Neural Fingerprints

We create atom, bond, and edge tensors from molecule SMILES using chemml.chem.tensorize_molecules in order to build neural fingerprints using chemml.models.NeuralGraphHidden and chemml.models.NeuralGraphOutput modules.

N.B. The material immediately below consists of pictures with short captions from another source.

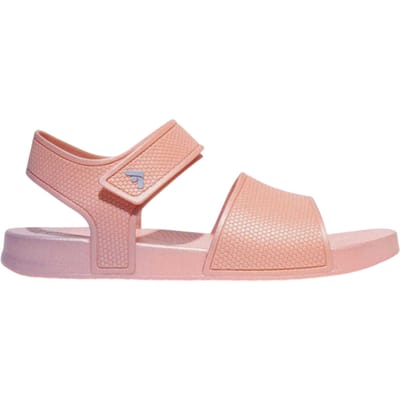 Fit Flop iQushion platte sandalen voor meisjes (Roze)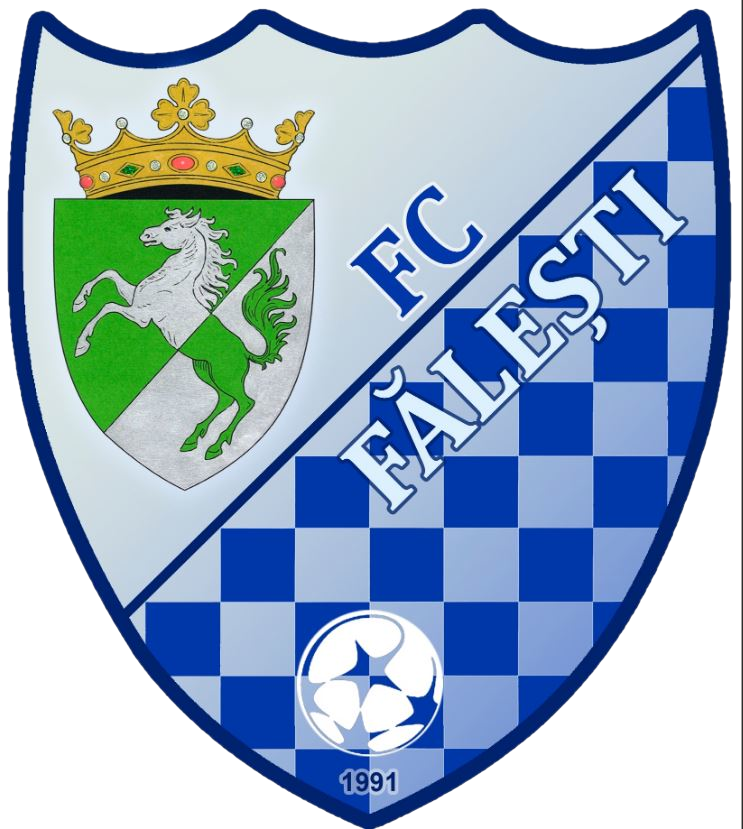 Wappen FC Fălești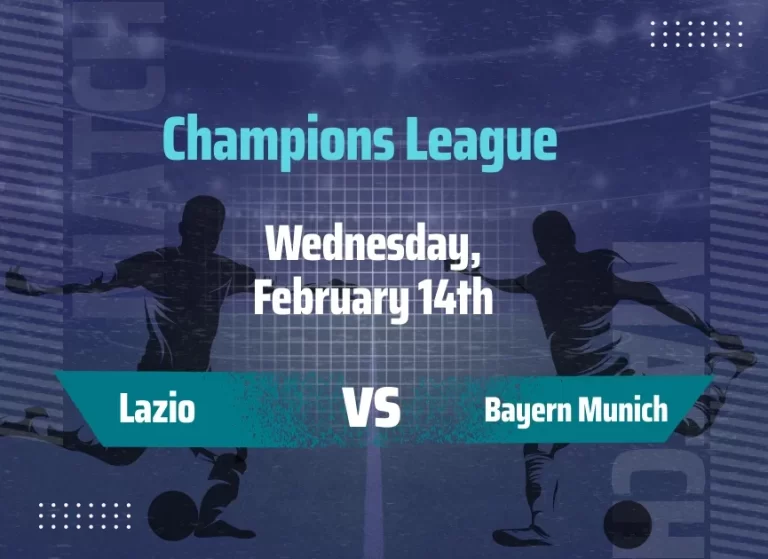 Lazio vs Bayern Munich Predictions: Bayern to gain advantage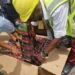 Opioids drugs Smuggle into Ghana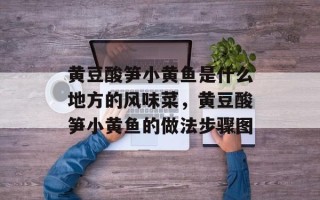 黄豆酸笋小黄鱼是什么地方的风味菜，黄豆酸笋小黄鱼的做法步骤图
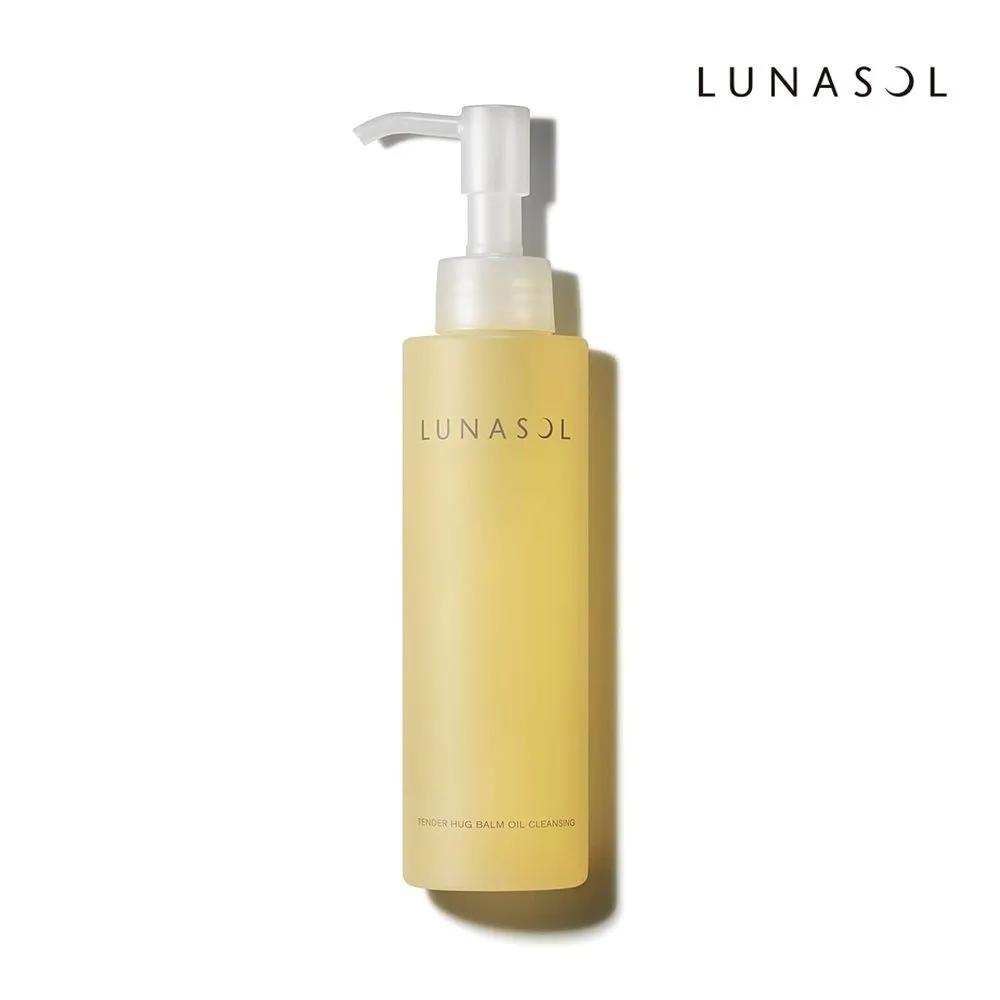 Lunasol Cosmetics Tender Hug Balm Oil Cleanser 150ml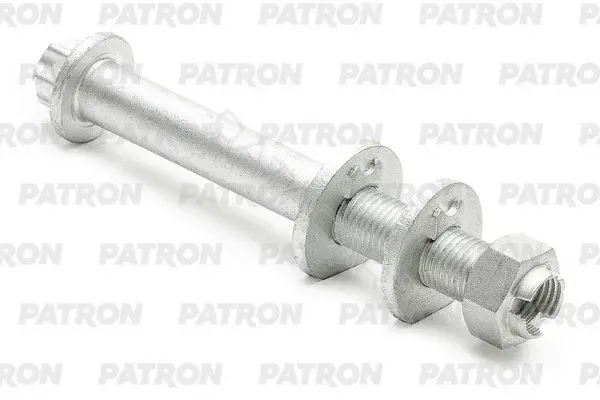 Болт крепления тормозного диска PATRON PBLT042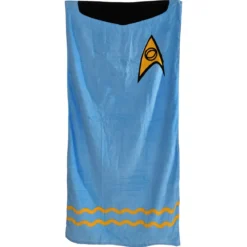 Star Trek - Spock Badetuch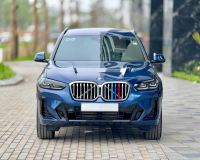 Bán xe BMW X3 2023 xDrive30i M Sport giá 2 Tỷ 250 Triệu - Hà Nội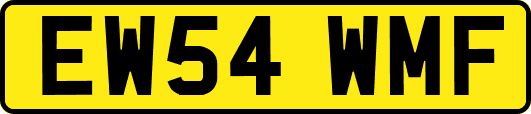 EW54WMF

These neural fingerprints are then used as features to train a simple feed forward neural network to predict densities of small organic compounds using tensorflow.

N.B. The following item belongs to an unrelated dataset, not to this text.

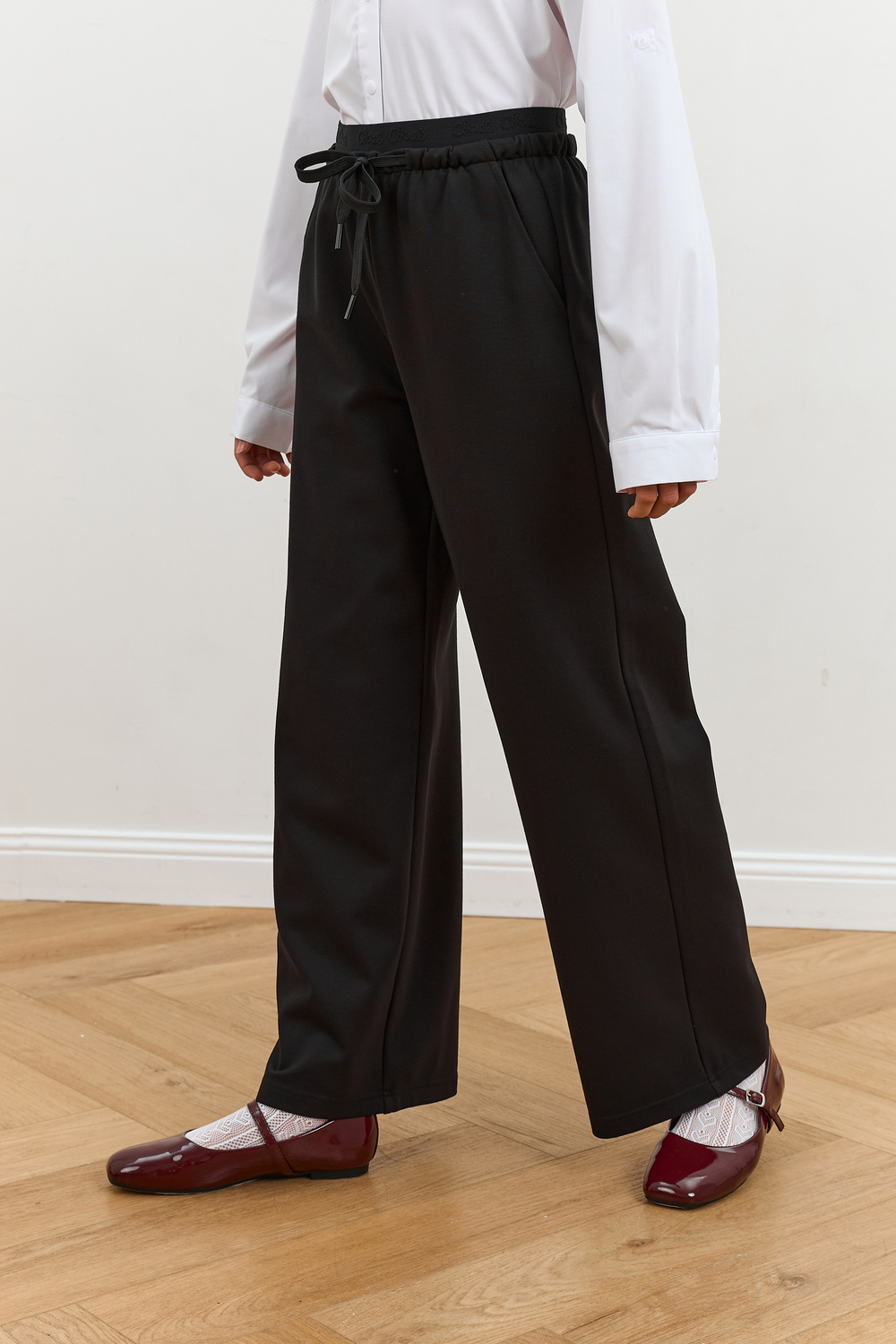 Брюки д/д DELORAS K64133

Here we import a sample dataset from ChemML library which has the SMILES codes for 500 small organic molecules with their densities in \(kg/m^3\).

[1]:
import numpy as np
from chemml.datasets import load_organic_density
molecules, target, dragon_subset = load_organic_density()
target = np.asarray(target['density_Kg/m3'])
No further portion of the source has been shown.